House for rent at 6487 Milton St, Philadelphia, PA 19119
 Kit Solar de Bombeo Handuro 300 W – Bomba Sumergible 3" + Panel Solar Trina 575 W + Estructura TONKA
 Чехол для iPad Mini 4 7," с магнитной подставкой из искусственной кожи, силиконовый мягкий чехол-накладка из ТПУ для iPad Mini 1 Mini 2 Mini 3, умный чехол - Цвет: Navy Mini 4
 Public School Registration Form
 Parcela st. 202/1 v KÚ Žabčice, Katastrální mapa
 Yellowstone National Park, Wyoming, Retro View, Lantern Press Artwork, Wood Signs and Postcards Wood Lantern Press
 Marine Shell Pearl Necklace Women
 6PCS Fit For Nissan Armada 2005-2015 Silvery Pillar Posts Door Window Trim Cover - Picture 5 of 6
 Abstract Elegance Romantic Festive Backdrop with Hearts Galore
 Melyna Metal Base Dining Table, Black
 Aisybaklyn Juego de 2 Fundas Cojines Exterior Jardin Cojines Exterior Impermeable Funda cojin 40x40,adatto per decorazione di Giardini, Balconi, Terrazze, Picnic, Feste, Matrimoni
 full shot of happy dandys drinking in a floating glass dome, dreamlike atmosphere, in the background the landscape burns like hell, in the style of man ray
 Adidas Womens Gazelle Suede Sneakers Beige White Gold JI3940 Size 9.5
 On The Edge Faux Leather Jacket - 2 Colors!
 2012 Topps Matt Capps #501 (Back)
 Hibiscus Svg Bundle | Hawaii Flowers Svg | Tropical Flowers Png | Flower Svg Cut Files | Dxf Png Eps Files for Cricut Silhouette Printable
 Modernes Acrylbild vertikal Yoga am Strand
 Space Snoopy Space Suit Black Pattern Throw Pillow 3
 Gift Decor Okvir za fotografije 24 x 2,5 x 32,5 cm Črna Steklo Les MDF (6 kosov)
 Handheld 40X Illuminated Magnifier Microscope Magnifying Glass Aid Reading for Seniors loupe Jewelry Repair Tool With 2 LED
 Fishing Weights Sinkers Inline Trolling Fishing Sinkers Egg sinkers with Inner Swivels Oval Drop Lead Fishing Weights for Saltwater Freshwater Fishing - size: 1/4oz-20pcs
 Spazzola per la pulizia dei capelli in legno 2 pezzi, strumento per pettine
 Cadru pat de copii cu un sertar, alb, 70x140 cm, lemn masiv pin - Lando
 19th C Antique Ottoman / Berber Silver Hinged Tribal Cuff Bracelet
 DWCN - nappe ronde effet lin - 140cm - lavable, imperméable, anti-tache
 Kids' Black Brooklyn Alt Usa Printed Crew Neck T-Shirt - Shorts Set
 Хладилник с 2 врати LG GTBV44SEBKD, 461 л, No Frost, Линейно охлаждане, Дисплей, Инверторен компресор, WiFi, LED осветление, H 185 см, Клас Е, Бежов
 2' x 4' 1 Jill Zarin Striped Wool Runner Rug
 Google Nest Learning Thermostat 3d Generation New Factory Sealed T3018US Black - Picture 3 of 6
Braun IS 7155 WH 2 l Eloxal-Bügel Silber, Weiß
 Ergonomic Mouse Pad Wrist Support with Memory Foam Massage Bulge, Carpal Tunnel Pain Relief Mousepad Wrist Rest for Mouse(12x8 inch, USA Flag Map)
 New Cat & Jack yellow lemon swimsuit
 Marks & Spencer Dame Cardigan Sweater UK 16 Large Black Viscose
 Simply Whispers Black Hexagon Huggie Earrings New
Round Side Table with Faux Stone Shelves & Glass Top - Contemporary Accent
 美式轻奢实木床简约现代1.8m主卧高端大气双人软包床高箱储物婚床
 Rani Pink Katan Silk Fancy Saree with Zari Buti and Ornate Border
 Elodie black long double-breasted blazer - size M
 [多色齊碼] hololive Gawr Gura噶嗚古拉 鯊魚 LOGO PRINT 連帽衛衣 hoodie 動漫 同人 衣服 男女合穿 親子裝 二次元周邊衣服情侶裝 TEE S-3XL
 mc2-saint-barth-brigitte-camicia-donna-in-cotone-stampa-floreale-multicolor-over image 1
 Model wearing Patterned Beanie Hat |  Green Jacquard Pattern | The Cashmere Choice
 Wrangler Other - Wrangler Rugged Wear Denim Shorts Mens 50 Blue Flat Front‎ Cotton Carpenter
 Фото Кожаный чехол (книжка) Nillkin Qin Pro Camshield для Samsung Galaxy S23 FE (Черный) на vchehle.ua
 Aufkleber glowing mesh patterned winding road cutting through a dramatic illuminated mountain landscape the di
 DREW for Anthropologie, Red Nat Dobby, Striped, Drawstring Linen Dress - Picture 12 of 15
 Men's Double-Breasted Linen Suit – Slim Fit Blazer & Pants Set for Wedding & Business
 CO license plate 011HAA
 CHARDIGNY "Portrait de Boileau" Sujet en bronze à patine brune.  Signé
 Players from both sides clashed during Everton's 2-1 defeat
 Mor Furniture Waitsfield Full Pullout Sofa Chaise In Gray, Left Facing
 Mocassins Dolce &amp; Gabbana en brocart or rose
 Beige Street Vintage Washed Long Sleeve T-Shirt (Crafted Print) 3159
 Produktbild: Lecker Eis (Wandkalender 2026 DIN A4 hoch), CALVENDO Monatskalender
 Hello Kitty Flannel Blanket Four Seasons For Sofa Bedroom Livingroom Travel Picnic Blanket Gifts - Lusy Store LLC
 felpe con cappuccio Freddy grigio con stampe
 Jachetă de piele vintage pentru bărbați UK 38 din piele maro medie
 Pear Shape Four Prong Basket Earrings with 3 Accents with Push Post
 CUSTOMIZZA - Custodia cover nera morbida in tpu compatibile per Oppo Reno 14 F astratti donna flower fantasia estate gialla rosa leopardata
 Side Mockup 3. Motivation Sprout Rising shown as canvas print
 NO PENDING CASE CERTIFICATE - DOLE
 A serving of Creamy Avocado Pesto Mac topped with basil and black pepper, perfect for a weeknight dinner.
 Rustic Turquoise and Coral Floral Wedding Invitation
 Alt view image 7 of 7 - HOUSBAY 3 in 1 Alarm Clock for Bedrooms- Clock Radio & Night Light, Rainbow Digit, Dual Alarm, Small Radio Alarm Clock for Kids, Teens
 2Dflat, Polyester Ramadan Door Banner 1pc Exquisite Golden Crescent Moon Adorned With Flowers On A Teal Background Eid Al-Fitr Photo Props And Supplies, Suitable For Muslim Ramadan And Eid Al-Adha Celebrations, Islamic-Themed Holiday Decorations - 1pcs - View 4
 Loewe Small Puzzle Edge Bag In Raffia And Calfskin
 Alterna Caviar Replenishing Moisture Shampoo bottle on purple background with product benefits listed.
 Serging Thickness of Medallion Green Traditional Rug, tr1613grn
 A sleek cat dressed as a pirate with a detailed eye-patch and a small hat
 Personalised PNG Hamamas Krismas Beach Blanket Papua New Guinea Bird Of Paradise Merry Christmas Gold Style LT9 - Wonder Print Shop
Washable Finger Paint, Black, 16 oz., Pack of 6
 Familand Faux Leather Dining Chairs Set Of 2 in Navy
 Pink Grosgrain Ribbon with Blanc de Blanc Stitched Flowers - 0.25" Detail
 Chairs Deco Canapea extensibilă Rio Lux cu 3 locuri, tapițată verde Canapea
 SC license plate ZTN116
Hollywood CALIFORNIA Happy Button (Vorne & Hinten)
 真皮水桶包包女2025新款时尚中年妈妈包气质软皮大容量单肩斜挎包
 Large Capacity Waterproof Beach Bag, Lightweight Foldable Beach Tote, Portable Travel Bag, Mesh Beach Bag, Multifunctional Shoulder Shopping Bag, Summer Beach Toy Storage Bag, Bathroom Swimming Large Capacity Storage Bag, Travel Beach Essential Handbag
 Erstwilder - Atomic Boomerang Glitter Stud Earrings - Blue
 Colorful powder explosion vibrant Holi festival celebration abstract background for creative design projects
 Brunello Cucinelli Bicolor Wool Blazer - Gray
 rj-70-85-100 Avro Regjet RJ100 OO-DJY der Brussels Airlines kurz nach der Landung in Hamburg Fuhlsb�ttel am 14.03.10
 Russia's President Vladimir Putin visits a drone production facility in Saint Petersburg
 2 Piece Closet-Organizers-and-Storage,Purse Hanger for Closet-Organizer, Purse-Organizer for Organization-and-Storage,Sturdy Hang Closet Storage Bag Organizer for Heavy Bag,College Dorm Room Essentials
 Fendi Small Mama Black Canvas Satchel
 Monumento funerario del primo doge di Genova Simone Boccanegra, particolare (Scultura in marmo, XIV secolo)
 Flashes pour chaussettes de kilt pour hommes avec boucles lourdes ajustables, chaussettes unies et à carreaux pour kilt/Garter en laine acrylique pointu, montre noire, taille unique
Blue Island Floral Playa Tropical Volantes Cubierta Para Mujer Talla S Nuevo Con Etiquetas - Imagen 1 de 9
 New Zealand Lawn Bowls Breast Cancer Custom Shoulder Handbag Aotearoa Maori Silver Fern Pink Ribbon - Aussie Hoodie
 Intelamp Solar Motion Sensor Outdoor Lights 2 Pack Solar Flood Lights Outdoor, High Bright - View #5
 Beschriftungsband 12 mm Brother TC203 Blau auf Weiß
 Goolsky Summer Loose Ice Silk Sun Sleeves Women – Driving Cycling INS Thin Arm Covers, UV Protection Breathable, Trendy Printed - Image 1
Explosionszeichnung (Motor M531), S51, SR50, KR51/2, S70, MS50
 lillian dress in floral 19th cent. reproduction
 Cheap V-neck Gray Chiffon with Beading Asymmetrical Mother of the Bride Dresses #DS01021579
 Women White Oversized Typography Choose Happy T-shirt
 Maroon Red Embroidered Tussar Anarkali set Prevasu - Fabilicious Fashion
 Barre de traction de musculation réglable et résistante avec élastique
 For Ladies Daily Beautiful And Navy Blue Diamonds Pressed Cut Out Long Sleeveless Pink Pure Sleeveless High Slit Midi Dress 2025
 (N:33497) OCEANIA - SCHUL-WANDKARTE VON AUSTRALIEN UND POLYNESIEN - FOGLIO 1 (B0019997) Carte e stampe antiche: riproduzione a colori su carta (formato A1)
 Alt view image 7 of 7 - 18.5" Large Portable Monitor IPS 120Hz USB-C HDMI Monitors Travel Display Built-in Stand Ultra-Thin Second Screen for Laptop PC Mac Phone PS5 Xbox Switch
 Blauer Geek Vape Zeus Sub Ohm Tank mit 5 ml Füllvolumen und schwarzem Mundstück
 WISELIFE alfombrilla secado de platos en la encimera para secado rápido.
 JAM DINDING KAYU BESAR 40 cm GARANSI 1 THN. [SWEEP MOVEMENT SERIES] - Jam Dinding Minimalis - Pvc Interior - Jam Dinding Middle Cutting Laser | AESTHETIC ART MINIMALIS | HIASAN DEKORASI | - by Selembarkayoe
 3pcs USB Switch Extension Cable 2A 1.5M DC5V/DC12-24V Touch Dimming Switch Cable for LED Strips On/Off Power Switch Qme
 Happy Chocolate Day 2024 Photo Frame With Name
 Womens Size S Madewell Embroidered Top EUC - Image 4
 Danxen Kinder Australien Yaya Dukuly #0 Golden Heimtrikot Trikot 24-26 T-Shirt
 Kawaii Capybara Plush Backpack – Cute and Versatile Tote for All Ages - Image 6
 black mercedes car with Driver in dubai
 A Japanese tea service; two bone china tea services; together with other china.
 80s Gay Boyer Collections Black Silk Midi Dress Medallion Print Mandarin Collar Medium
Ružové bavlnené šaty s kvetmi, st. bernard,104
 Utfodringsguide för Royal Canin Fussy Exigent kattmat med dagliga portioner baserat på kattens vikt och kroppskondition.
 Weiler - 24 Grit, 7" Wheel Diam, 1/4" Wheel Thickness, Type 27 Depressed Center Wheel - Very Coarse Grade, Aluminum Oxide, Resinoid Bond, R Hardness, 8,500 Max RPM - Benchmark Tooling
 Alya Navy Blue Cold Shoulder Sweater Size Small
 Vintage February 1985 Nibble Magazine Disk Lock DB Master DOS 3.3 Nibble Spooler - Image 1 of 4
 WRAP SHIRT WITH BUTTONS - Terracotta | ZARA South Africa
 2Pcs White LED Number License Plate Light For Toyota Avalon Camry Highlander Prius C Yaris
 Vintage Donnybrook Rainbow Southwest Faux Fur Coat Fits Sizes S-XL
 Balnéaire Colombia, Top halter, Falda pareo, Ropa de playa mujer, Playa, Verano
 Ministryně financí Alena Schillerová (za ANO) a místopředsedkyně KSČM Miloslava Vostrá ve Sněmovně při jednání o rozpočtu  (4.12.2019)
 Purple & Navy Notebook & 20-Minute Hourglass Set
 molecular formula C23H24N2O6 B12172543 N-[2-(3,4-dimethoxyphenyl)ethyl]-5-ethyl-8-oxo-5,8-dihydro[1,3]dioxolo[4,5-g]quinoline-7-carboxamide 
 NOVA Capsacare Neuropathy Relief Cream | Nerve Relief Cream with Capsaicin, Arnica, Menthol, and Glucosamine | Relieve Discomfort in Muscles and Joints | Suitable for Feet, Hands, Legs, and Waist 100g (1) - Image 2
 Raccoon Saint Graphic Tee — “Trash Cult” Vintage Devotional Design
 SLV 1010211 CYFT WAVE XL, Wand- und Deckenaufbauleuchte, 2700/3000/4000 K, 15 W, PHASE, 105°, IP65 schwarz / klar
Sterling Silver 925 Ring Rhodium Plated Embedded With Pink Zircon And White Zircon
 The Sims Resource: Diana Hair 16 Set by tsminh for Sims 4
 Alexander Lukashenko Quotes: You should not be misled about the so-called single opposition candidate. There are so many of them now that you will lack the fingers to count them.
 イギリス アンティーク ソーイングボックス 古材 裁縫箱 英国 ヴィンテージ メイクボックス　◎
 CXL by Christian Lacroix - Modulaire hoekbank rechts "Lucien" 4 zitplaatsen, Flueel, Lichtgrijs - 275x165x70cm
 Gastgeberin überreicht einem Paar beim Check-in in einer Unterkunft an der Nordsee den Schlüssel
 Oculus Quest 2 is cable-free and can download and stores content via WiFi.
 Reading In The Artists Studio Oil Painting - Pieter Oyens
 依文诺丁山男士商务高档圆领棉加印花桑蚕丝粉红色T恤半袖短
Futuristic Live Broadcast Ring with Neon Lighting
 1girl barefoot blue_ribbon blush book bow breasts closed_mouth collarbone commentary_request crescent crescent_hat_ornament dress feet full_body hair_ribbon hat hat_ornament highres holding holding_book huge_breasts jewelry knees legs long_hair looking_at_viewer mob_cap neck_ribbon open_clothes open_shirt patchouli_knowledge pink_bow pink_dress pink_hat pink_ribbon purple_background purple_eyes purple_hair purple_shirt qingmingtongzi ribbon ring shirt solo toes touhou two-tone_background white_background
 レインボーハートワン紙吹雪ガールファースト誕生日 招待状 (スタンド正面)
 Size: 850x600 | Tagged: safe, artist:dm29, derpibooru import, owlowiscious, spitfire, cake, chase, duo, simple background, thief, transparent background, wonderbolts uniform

***

In the listing above, the lines from the one containing "Maroon Red Embroidered" through the one containing "Happy Chocolate Day" must be set down exactly, with no other lines.

 Maroon Red Embroidered Tussar Anarkali set Prevasu - Fabilicious Fashion
 Barre de traction de musculation réglable et résistante avec élastique
 For Ladies Daily Beautiful And Navy Blue Diamonds Pressed Cut Out Long Sleeveless Pink Pure Sleeveless High Slit Midi Dress 2025
 (N:33497) OCEANIA - SCHUL-WANDKARTE VON AUSTRALIEN UND POLYNESIEN - FOGLIO 1 (B0019997) Carte e stampe antiche: riproduzione a colori su carta (formato A1)
 Alt view image 7 of 7 - 18.5" Large Portable Monitor IPS 120Hz USB-C HDMI Monitors Travel Display Built-in Stand Ultra-Thin Second Screen for Laptop PC Mac Phone PS5 Xbox Switch
 Blauer Geek Vape Zeus Sub Ohm Tank mit 5 ml Füllvolumen und schwarzem Mundstück
 WISELIFE alfombrilla secado de platos en la encimera para secado rápido.
 JAM DINDING KAYU BESAR 40 cm GARANSI 1 THN. [SWEEP MOVEMENT SERIES] - Jam Dinding Minimalis - Pvc Interior - Jam Dinding Middle Cutting Laser | AESTHETIC ART MINIMALIS | HIASAN DEKORASI | - by Selembarkayoe
 3pcs USB Switch Extension Cable 2A 1.5M DC5V/DC12-24V Touch Dimming Switch Cable for LED Strips On/Off Power Switch Qme
 Happy Chocolate Day 2024 Photo Frame With Name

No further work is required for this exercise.